By COLlive reporter
Besides for the memory of the trip, which can be swift or an inconvenient crawl depending on the day, what else do you leave behind after a NY subway ride?
The list of lost and found items left on New York City’s subways is as varied as its riders and the architecture and interior design of its stations.
The inventory of 161,409 items gives a snapshot into the habits, tastes and eccentricities of the people who ride it, says the website subwaymaven.com.
You have the cell phones (28,482), digital cameras (701), rings (853), bracelets (606), baby strollers (72), flutes (70) and even air conditioners (2).
The analysis points out that print is still the medium of literary choice on the subway. Compared to the electronic category which lists only about 400 e-readers, there are over 9,000 books (more paperbacks than hardcover).
“We get false teeth almost every week,” William Bonner, supervisor of the New York City Transit lost-and-found office told the Associated Press. “How do you lose your teeth?”
As expected from a city that is home to the largest community of Jews in the world, the subway has a designated “Jewish” category for lost and found items.
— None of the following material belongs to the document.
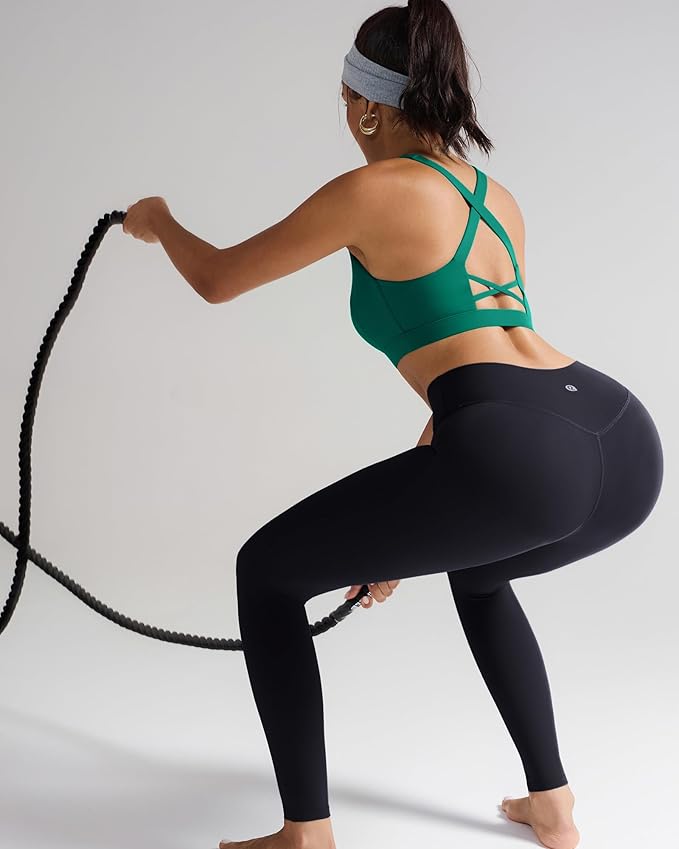 RUNNING GIRL Sports Bra for Women, Molded Cup High Impact Sports Bras for Women with Sewn in Pads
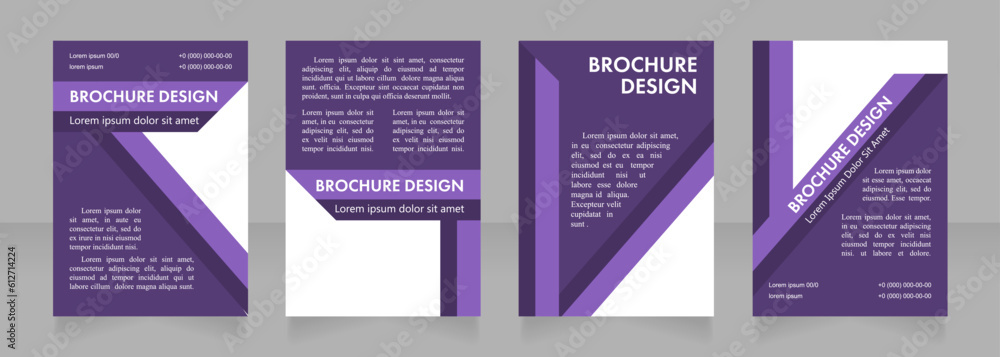 Poster seminar presentation introduction blank brochure layout design. vertical poster template set with em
There are exactly 10 items filed as Tefillin, the small black leather cubes containing parchment scrolls, wrapped on the arm and head of adult men during weekday morning prayers.
It was not specified if they are 10 pairs and whether they are Rashi Tefillin or Rabbeinu Tam Tefillin, or perhaps Mivtzoim Tefillin.
Either way, the lost and found office has a 60% return rate. “We are the most successful lost and found in the country and possibly the world,” the MTA’s Melissa Gissentanner told the AP.